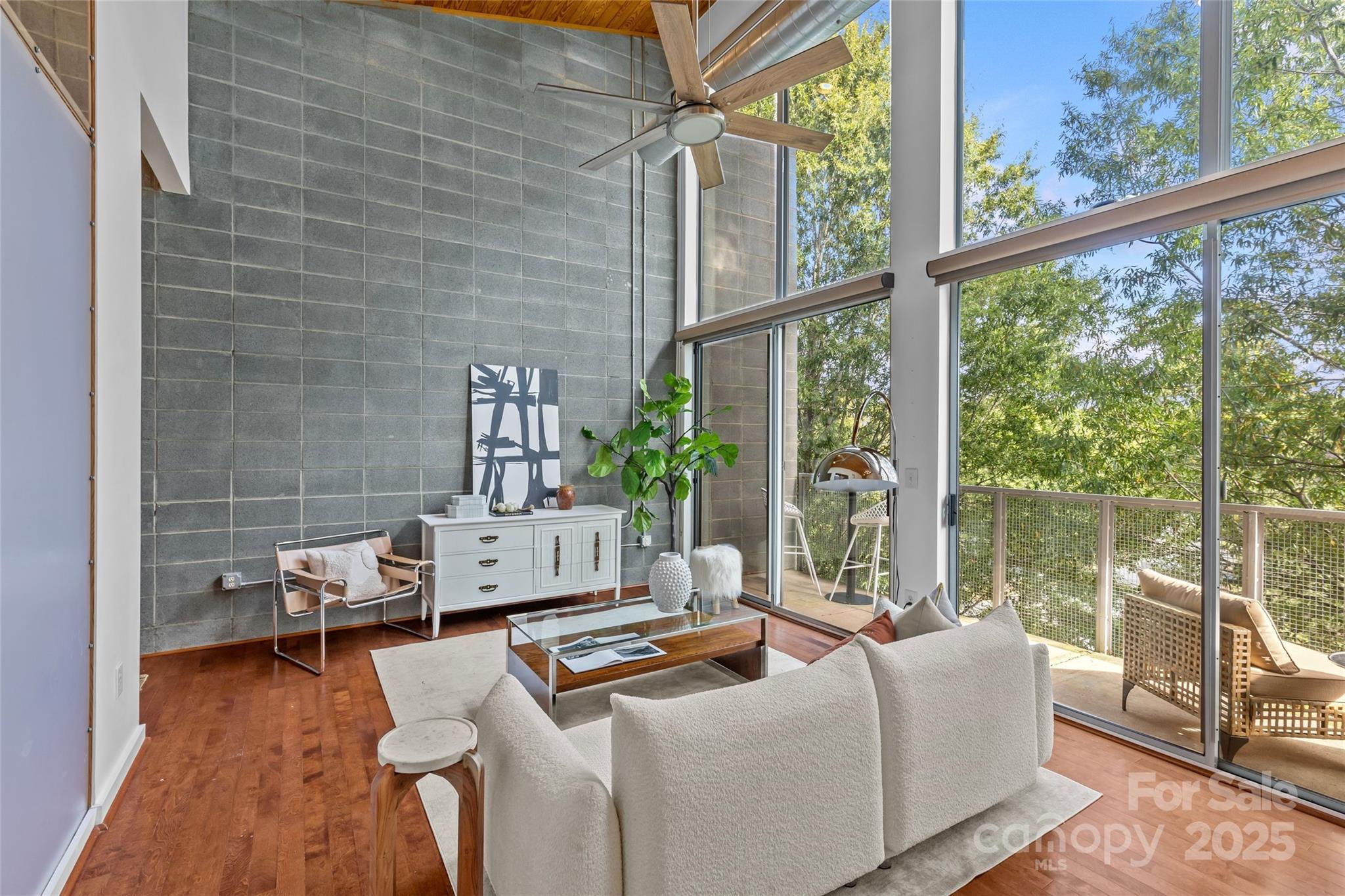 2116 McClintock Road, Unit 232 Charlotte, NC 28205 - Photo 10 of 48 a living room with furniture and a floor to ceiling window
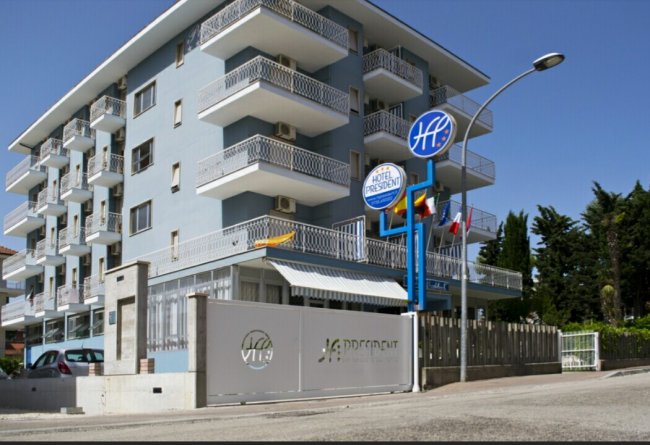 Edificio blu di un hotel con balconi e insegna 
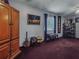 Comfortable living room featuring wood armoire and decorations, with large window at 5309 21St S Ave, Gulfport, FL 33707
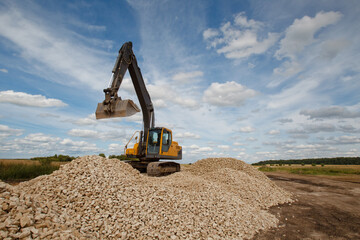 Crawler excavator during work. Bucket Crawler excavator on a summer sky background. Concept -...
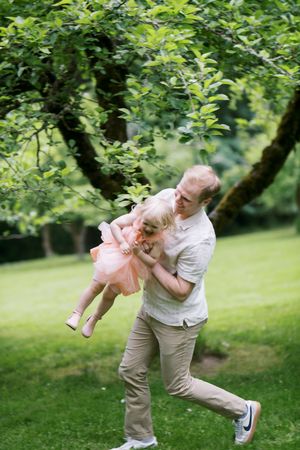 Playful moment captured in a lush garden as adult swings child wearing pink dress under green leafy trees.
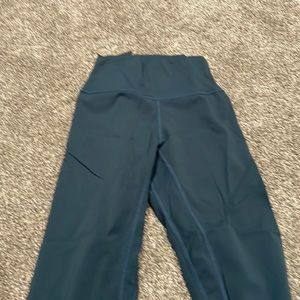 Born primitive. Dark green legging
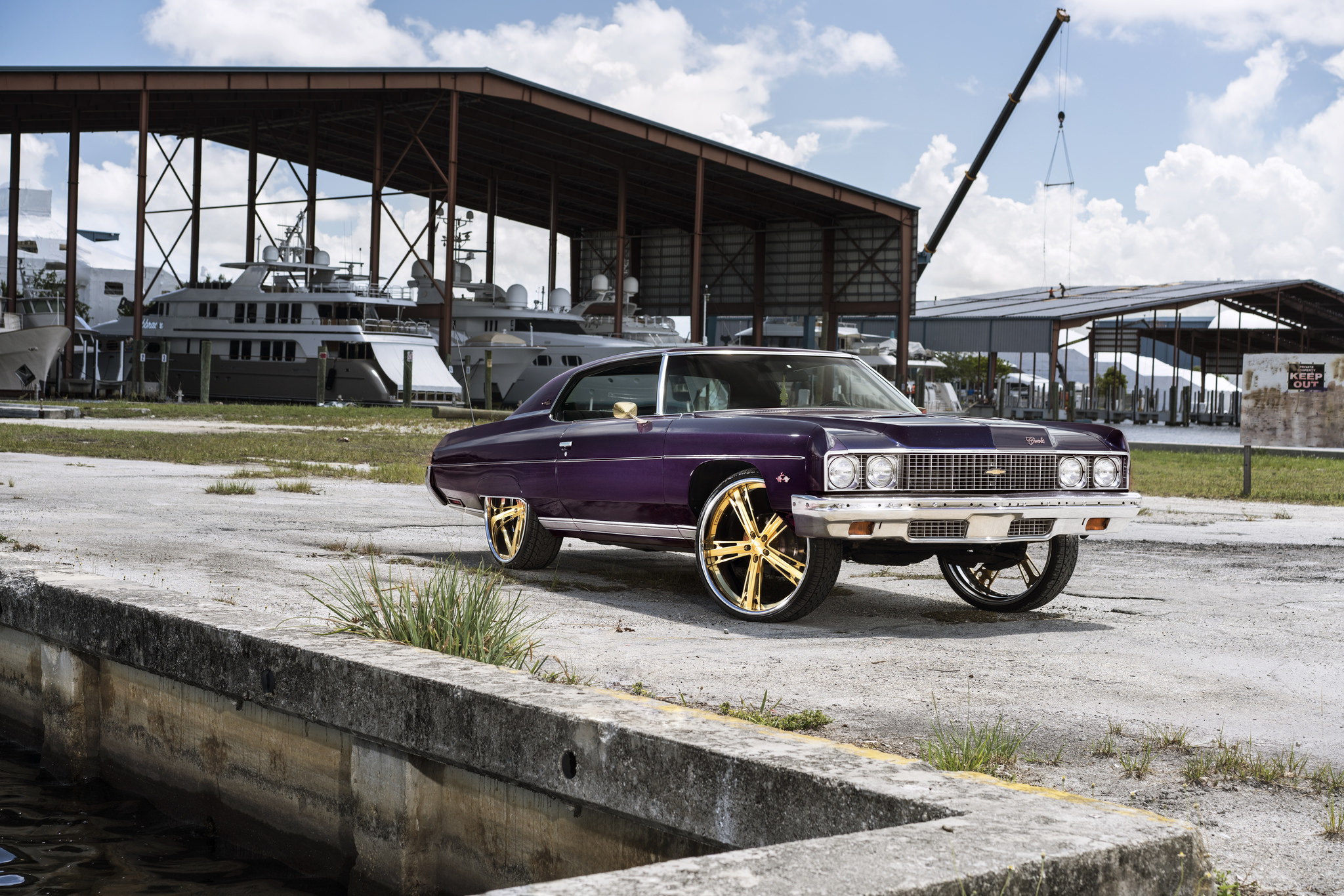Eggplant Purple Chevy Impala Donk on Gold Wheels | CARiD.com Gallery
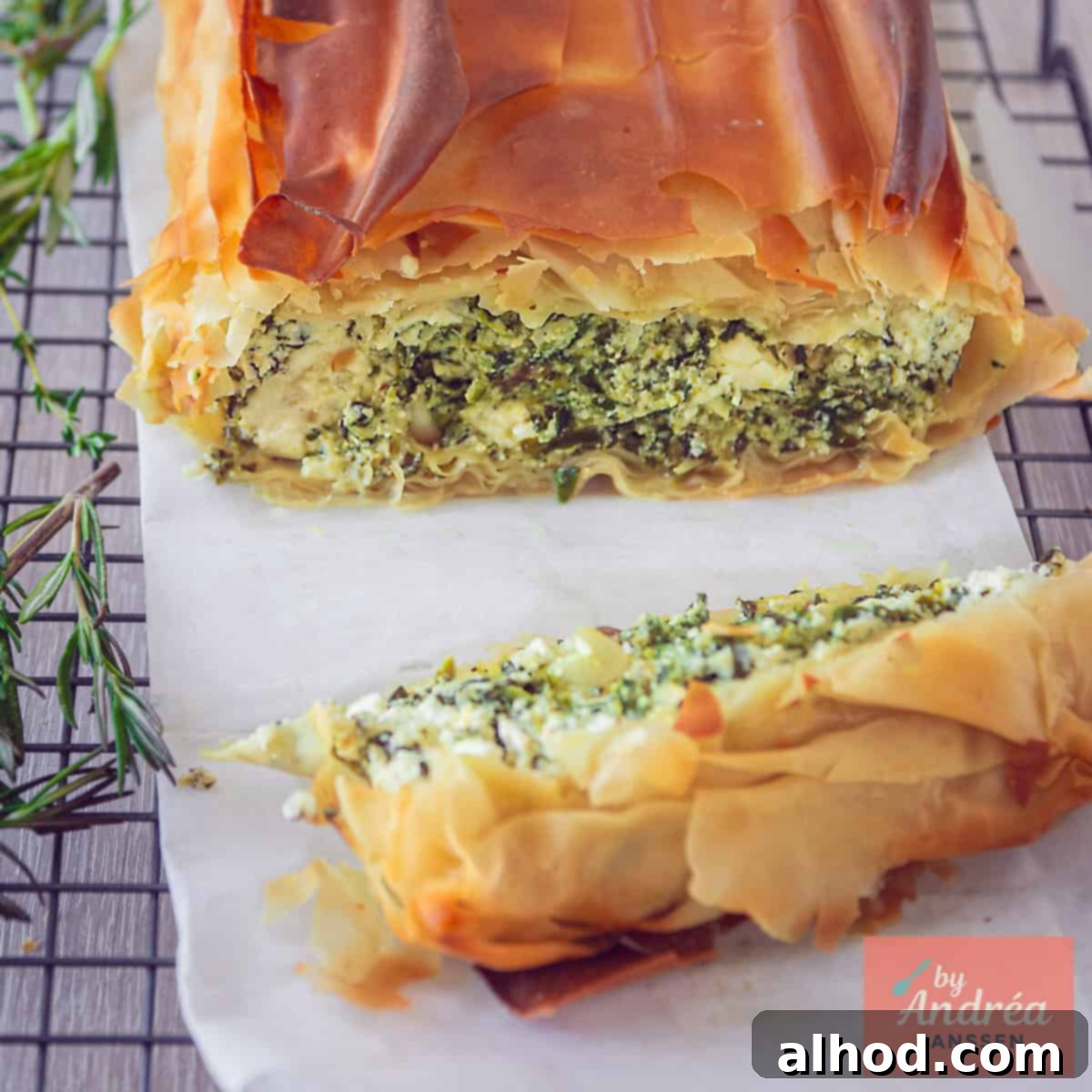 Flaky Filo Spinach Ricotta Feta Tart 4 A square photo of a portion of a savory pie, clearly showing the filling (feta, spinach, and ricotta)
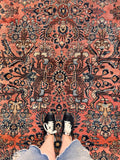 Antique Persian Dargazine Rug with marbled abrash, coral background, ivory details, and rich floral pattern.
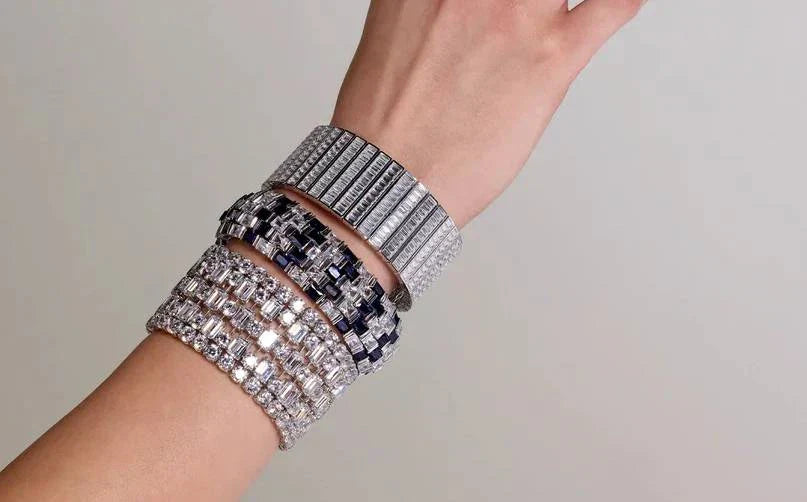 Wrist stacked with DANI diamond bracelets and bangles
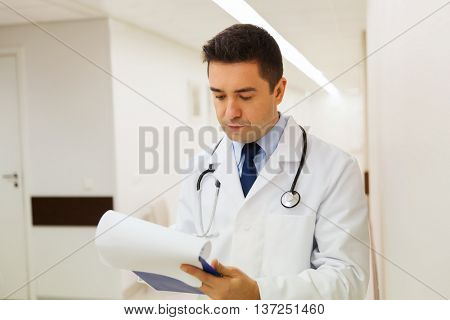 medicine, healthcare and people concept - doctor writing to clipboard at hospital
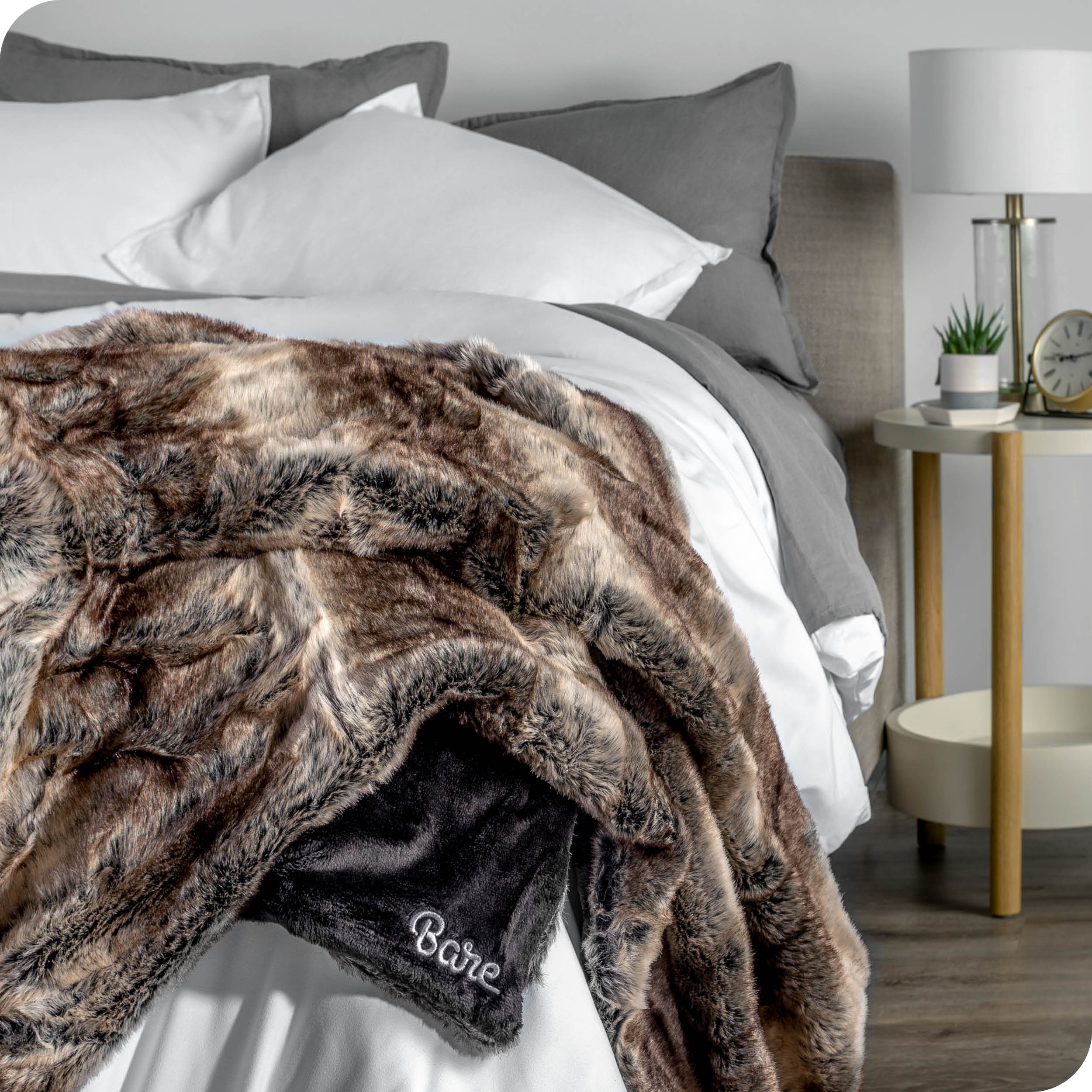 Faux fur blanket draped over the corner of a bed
####
**Task description:** From the line containing "Playful moment captured" to the last line of the material, every line is to be reproduced exactly. No picture belongs in the copy.

**Written solution:**
 Playful moment captured in a lush garden as adult swings child wearing pink dress under green leafy trees.
 Born primitive. Dark green legging
Eggplant Purple Chevy Impala Donk on Gold Wheels | CARiD.com Gallery
 Flaky Filo Spinach Ricotta Feta Tart 4 A square photo of a portion of a savory pie, clearly showing the filling (feta, spinach, and ricotta)
 Antique Persian Dargazine Rug with marbled abrash, coral background, ivory details, and rich floral pattern.
 Wrist stacked with DANI diamond bracelets and bangles
 medicine, healthcare and people concept - doctor writing to clipboard at hospital
 Faux fur blanket draped over the corner of a bed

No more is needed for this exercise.